Coffee and wellness is of course a thing, and cafes like Sons in Hackney and Four Boroughs in Crystal Palace keep swarms of local runners fuelled with batch brews and cortados after their morning run clubs.

Beyond the flat white

Drinks menus are no longer straightforward; it’s now almost rare to find a speciality cafe in London that deals exclusively in classic coffee serves and standard cold alternatives.

Whether they’re zhuzhing up the hot chocolate as adaptogenic cacao, swapping iced tea for lion’s mane kombucha, or sidelining chai lattes in favour of ceremonial-grade matcha, baristas are being bold.

At Pandacup in Blackfriars, all kinds of curious caffeinated concoctions are on the menu. Highlights include the vegan bubble latte (a blend of freshly brewed coffee, tapioca pearls and oat milk), the cuban cortado and mazagran. This year’s matcha, it’s an iced coffee made with espresso, ice and lemon.

Seasonal and signature drinks add a playful edge at Gramndegrees in Hoxton, which flirts with flavour via its mango iced matcha, coconut-cloud coffee and dirty earl grey. Spring Valley’s Dawa blends Kenyan coffee with lime, ginger and honey, and Soto in Islington offers iced Milo and dulce de leche lattes, plus real-fruit syrup specials that rotate year-round.

speciality coffee scene drinks, mango iced matcha
Gramndegrees, Hoxton

Lip-tingling refreshment can be devoured at Juliets Quality Food in Tooting Broadway, thanks to its freddo cappuccino that layers single-origin espresso on ice with tonka-bean caramel and cold whipped milk foam. Try Simmos in Hackney for yuzu espresso soda.

Less funky, but by no means less fun, is the spike in coffee tasting flights. Like a playground for the palate, they feature flavour-bomb beans served three ways, such as flat white, pourover and single-shot espresso.

Flights often showcase different beans from multiple roasters and origins, or the exact same beans brewed in different ways, demonstrating how the prep method influences flavour. Experience the spectrum of textures, origins and profiles at coffee shops like Simmos, Snoozzze in Clerkenwell, Kaffeine in Fitzrovia and Velasquez & van Wezel in Crouch End.

Save our speciality coffee

For all the creativity, community and quality woven through London’s coffee scene, there’s a lot of pressure bubbling beneath the brew bar. Independent cafes are under increasing strain as a result of rising food costs, wages and energy bills, while playing on an uneven field when it comes to business rates and VAT.

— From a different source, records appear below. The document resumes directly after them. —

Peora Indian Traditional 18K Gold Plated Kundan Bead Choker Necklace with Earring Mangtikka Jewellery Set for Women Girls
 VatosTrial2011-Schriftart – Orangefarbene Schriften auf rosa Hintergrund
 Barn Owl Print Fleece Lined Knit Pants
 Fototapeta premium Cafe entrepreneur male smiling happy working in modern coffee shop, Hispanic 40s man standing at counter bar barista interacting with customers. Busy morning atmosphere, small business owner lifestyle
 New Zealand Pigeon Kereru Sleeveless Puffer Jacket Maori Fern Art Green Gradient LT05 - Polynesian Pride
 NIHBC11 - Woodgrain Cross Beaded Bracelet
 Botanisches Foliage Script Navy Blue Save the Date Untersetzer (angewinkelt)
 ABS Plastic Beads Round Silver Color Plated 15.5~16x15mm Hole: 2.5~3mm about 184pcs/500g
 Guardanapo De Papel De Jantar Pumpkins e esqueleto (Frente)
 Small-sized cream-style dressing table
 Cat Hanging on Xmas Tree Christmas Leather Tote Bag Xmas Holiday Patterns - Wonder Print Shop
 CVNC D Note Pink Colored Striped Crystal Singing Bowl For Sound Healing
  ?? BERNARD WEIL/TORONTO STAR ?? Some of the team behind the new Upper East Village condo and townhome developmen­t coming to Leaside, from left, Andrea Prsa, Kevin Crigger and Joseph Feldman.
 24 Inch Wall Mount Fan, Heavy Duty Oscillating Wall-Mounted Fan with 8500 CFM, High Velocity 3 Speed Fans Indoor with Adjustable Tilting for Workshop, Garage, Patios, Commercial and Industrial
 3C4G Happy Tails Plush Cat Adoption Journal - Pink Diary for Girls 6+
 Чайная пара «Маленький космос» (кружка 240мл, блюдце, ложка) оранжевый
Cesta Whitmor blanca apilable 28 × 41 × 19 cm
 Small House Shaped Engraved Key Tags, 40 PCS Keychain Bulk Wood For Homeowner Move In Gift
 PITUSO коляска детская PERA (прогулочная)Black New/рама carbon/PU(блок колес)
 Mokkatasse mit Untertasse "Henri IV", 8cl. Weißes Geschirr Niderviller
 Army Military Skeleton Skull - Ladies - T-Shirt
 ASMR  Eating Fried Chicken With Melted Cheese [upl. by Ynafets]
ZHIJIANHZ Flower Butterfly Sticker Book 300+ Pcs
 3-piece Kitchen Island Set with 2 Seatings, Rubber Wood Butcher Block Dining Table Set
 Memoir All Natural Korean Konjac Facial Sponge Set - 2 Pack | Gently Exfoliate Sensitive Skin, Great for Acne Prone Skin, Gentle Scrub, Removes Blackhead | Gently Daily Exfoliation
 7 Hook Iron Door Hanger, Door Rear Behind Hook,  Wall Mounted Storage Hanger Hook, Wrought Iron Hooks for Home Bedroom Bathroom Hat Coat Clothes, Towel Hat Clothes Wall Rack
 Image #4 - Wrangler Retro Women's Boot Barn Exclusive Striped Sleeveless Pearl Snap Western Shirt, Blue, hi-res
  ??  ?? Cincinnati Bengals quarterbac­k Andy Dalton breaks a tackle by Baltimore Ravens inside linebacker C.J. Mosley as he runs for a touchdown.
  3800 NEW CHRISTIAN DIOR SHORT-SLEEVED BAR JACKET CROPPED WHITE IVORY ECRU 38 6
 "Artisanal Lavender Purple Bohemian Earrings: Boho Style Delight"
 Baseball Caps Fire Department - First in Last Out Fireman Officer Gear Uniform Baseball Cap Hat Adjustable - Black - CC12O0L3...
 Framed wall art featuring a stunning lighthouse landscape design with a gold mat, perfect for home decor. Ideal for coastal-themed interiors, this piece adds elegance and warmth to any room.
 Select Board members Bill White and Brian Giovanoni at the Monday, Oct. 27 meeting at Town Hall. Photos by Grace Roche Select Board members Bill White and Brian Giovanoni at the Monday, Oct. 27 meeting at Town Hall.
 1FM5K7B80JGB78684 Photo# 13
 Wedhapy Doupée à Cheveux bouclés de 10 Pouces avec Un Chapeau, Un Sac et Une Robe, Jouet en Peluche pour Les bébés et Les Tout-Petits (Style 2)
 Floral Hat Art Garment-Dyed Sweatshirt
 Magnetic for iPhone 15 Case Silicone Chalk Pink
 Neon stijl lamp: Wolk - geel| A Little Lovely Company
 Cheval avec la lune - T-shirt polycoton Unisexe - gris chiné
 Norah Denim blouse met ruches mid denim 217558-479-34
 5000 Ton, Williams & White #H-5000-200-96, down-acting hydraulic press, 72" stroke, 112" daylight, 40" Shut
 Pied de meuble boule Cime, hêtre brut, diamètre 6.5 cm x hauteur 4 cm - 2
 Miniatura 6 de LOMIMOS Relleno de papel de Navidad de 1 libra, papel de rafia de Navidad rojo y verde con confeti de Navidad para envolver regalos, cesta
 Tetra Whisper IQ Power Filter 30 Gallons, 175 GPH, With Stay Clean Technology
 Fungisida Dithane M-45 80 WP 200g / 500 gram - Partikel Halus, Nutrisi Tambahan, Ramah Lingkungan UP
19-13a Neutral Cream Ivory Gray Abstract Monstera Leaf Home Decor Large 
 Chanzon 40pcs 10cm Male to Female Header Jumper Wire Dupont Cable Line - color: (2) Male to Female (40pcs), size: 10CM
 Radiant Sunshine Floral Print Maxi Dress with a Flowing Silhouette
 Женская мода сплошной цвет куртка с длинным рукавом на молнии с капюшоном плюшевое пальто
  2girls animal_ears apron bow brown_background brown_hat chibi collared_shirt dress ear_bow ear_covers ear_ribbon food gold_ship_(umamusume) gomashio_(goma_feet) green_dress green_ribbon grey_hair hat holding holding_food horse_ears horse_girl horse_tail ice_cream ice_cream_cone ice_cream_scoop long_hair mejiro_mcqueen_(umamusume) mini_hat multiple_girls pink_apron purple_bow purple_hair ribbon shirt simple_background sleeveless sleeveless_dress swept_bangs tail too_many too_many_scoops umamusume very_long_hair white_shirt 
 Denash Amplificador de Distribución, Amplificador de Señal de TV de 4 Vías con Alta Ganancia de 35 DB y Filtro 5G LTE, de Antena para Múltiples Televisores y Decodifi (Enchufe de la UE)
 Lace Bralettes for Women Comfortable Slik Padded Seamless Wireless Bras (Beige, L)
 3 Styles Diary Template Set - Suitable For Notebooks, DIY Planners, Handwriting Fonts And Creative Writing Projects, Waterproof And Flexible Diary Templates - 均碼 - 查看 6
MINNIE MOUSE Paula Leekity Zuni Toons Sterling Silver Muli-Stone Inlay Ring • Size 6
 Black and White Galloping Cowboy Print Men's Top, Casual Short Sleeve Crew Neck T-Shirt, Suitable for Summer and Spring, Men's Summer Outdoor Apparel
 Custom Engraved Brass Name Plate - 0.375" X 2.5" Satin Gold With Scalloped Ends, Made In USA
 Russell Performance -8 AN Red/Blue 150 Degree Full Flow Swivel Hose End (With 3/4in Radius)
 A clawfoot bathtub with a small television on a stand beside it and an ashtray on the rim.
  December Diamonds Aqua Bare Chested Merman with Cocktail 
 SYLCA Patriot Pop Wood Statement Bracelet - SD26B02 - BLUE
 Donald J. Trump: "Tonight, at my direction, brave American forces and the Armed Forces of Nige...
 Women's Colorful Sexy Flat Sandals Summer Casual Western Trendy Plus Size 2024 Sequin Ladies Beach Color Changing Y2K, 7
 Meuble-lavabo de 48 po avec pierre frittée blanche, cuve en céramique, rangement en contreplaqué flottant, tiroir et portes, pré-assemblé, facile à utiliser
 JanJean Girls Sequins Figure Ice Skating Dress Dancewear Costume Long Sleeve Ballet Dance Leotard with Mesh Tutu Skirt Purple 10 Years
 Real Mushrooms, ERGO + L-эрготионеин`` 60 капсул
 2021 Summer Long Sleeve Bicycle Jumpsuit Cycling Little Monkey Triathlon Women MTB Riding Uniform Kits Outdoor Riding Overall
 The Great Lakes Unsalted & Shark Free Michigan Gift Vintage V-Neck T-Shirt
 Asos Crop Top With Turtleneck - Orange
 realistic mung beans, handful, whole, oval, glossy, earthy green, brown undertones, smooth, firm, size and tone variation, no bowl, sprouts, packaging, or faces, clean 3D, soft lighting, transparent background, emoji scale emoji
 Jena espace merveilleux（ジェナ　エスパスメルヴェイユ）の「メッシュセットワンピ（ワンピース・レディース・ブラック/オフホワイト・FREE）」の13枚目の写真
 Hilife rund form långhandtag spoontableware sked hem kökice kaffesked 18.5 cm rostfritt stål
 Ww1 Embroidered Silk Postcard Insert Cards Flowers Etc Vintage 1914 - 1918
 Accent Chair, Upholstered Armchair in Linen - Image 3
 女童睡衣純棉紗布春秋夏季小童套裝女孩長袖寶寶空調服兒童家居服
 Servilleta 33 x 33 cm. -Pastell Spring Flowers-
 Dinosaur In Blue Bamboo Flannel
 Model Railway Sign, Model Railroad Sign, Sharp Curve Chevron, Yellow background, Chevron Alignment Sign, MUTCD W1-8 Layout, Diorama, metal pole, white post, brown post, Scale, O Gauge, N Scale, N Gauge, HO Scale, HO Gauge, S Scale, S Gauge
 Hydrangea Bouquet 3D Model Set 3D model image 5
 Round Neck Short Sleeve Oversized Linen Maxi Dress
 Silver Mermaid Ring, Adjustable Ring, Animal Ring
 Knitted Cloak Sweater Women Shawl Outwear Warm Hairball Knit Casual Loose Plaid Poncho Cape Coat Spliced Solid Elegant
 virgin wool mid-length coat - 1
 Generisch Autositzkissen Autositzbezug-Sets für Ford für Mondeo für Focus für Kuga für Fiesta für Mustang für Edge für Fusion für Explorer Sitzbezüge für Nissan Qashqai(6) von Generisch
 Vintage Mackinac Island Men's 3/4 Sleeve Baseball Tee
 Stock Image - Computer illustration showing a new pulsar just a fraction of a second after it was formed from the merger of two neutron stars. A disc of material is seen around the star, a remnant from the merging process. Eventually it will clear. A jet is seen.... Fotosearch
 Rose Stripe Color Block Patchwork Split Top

In response, an indie-led movement is beginning to rumble. A partnership between Nick Cooper of the Indy Coffee Guide, Peter Dore-Smith of Kaffeine and John Richardson of The Cafe Expert has led to the launch of the Independent Coffee Collective. Its aim is to drive meaningful change and influence Government through campaigns like Save our Speciality (SOS).

Launched at the beginning of 2026, SOS is demanding fairer support for independent coffee shops and cafes, so they’re treated the same way as pubs. The argument is that, just like pubs, they support our communities, provide jobs and give our neighbourhoods and high streets character and vibrancy.

Big chains have the deep pockets to ride rough economic times, but the small, locally owned indies are vulnerable and easily wiped out. The result for coffee lovers could be having no alternative to the international corporations serving commoditiy-grade coffee. It’s also the small indies who, by serving speciality coffee, support small farmers at origin.

Shotsmiths, Beckenham
Shotsmiths, Beckenham

Momentum is building for the campaign as cafe owners across the capital and beyond send letters to their MPs, inviting them to visit and find out what it’s like on the ground. Shotsmiths in Beckenham and Tamp Coffee in Chiswick are just two examples championing the cause – both in person and on social.

Coffee drinkers can also help. Supporting your favourite local speciality spot can go beyond buying a cortado to-go. A like, comment or share on social media helps them boost visibility, or – even better – write to or tag your local MP, asking them to support the SOS campaign.